#### ACTIVITY
Could you report every line from the entries that includes the word "Road"?

━━━━━━━━━━━━━━━━━━━━

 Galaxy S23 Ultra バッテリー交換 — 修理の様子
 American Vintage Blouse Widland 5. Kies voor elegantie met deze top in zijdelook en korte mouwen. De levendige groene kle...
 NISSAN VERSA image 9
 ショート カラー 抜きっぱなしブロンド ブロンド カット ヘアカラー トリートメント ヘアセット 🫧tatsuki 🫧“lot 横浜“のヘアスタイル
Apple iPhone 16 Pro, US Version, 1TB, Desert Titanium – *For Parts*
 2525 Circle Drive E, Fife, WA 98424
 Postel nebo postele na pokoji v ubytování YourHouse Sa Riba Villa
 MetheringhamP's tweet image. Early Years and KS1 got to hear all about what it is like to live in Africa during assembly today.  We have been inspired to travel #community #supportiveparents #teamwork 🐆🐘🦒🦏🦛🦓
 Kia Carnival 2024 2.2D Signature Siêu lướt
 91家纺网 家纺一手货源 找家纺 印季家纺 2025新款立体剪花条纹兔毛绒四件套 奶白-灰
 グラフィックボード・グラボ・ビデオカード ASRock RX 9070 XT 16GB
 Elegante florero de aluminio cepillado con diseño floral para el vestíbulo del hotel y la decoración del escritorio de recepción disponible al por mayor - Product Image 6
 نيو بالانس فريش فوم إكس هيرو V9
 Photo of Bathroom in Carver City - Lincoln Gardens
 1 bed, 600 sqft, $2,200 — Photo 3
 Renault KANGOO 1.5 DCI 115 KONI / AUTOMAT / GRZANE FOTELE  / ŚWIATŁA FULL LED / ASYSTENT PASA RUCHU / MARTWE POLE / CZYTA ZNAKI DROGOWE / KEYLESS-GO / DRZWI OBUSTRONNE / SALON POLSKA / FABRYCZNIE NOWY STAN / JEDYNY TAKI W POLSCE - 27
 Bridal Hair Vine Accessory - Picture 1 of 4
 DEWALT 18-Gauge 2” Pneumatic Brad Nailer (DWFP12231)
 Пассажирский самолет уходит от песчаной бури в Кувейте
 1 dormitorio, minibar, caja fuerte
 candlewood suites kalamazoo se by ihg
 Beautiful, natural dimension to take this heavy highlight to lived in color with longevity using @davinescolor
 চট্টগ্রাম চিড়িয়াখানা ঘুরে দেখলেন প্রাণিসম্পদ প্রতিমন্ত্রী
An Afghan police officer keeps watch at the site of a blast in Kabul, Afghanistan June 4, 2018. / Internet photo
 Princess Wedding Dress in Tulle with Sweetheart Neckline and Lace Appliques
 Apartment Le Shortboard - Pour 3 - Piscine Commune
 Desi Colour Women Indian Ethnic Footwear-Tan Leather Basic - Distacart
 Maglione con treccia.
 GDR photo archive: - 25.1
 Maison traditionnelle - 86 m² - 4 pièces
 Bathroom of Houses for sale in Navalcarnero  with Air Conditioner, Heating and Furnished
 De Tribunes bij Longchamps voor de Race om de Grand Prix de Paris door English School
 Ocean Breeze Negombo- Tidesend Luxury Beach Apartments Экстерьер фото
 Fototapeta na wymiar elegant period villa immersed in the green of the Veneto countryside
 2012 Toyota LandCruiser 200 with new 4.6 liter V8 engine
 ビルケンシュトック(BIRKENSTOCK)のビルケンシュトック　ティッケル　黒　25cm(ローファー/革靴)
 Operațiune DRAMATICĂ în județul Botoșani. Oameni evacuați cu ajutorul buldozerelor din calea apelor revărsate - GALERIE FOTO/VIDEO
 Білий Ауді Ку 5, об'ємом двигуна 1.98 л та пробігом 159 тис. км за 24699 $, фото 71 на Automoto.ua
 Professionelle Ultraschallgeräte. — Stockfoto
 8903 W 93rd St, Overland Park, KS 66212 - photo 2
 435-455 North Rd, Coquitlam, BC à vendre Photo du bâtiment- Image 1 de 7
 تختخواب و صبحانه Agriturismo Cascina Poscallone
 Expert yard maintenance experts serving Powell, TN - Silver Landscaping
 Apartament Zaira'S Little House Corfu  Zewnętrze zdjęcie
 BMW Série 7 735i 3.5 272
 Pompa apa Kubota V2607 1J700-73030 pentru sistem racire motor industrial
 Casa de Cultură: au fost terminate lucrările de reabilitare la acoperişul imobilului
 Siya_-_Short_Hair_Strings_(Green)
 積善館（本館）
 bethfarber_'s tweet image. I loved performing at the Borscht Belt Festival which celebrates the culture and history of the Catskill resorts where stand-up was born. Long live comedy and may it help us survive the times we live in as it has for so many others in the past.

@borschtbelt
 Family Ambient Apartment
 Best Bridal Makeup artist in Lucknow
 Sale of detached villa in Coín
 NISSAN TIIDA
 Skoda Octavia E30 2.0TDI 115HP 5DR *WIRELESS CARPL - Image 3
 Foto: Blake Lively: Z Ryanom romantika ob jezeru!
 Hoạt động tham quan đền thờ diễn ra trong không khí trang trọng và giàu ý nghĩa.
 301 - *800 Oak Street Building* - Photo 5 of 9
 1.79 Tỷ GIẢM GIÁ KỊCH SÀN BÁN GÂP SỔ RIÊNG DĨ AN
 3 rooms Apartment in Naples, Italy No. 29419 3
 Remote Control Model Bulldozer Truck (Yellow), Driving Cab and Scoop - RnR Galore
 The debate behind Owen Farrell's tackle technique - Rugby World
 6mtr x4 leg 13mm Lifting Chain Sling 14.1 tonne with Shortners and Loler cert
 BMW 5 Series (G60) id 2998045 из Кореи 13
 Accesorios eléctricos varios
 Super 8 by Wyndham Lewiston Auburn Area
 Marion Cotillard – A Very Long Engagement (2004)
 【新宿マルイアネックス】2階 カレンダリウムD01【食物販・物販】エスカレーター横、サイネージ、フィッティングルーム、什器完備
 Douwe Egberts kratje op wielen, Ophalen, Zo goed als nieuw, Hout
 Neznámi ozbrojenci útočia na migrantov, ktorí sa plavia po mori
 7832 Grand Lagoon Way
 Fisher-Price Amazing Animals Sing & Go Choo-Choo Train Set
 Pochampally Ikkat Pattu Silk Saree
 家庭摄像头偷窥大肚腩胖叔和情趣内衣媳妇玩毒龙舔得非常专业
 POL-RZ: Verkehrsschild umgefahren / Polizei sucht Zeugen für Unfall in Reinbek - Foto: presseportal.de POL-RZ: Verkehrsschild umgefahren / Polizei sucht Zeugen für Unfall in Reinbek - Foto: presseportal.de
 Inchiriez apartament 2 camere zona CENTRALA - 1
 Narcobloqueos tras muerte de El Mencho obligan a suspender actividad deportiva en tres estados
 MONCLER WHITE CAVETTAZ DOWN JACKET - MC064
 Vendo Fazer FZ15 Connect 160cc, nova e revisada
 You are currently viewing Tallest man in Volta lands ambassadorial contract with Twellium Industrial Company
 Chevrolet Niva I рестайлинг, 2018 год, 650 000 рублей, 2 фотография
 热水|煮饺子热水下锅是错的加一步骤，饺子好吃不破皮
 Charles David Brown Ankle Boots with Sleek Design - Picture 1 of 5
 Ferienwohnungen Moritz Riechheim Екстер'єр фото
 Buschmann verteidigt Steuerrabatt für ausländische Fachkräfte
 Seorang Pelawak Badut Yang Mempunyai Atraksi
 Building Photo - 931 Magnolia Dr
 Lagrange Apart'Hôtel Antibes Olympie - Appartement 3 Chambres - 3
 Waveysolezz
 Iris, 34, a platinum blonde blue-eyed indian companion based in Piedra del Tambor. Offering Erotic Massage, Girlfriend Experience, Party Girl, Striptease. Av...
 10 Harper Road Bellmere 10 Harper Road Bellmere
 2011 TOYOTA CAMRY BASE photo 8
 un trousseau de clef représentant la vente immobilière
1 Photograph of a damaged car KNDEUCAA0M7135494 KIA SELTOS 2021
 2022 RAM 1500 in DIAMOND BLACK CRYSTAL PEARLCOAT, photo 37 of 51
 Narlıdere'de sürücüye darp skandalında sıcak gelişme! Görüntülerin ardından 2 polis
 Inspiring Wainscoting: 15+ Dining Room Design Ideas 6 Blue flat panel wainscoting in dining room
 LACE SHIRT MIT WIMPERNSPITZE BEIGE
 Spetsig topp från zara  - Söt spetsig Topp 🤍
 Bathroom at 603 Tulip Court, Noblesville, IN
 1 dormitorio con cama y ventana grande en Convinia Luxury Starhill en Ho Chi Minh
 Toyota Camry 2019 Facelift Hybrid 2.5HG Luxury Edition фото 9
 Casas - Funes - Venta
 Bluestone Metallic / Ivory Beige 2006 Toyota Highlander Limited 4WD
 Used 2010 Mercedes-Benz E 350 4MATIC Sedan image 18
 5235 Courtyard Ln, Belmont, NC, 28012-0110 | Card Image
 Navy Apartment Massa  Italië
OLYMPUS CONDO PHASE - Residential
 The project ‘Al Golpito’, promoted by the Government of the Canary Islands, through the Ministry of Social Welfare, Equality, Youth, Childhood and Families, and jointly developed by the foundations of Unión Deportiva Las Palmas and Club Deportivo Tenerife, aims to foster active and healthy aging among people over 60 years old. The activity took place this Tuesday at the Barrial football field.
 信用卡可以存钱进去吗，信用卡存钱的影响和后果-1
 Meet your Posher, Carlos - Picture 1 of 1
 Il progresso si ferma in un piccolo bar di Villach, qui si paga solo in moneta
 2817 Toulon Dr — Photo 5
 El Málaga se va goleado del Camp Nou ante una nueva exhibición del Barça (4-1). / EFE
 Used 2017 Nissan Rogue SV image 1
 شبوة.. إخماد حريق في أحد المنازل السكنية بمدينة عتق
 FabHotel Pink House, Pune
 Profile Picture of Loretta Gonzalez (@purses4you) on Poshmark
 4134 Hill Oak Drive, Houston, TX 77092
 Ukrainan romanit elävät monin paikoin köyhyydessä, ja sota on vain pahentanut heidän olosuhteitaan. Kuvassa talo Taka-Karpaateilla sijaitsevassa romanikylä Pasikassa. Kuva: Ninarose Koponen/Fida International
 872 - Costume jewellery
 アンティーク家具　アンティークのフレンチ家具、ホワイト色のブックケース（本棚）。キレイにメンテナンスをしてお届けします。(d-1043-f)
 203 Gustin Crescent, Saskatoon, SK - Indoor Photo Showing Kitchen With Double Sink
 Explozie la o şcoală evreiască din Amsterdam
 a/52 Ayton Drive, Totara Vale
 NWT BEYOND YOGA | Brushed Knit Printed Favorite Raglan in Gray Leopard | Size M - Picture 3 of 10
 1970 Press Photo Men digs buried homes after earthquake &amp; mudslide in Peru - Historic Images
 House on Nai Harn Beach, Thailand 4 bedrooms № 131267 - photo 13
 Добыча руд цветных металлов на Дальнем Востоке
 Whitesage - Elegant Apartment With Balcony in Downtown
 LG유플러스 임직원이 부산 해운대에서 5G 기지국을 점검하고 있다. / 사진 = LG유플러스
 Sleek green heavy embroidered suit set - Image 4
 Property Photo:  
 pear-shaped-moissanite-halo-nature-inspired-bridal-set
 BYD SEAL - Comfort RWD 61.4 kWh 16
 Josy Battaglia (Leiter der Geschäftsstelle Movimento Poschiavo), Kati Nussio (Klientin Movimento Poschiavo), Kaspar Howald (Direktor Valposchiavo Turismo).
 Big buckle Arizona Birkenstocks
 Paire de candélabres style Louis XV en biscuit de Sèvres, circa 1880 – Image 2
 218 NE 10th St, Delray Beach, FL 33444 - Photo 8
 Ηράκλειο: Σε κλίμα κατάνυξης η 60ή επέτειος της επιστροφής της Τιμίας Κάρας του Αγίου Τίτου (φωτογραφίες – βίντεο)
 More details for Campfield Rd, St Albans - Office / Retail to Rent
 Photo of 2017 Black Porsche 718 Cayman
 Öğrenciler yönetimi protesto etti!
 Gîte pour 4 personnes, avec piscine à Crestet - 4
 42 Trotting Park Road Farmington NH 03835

━━━━━━━━━━━━━━━━━━━━

#### EXERCISE RESULT
 10 Harper Road Bellmere 10 Harper Road Bellmere
 42 Trotting Park Road Farmington NH 03835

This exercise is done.